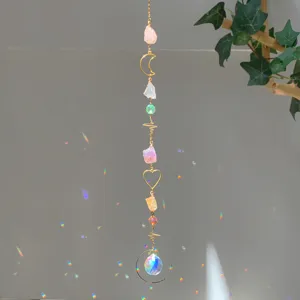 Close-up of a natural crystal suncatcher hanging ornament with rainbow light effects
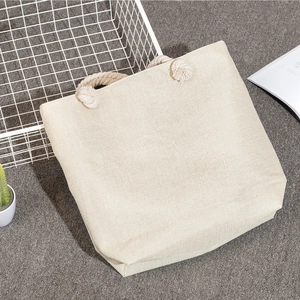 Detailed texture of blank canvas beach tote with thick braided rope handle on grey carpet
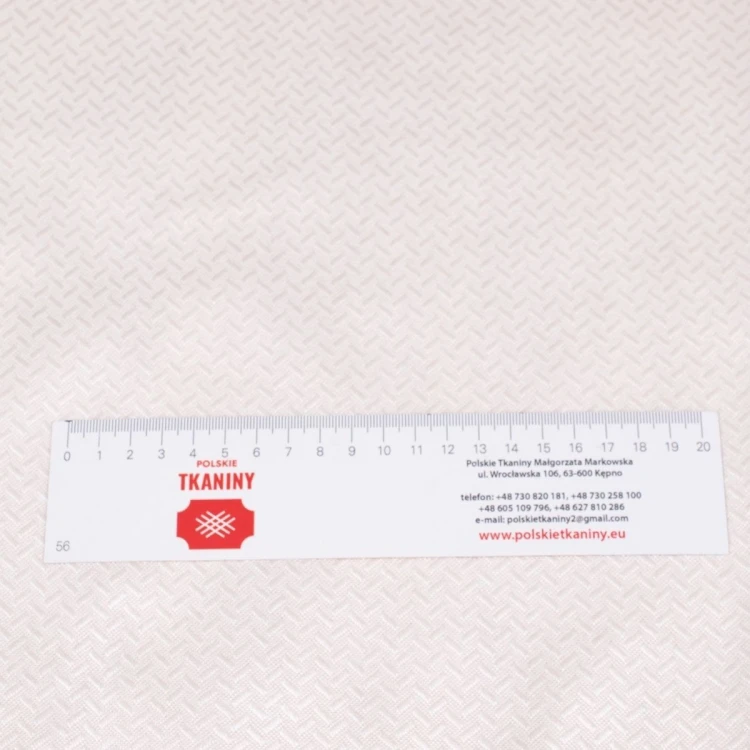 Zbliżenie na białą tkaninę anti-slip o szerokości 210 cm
———
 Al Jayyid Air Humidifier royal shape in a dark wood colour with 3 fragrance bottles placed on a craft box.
———
## WORK ITEM
Using the data above, retype exactly and only the lines from the one containing "Close-up of a" up to and including the one containing "Zbliżenie na białą", with no pictures carried over.

## SOLUTION BELOW
 Close-up of a natural crystal suncatcher hanging ornament with rainbow light effects
 Detailed texture of blank canvas beach tote with thick braided rope handle on grey carpet
 Zbliżenie na białą tkaninę anti-slip o szerokości 210 cm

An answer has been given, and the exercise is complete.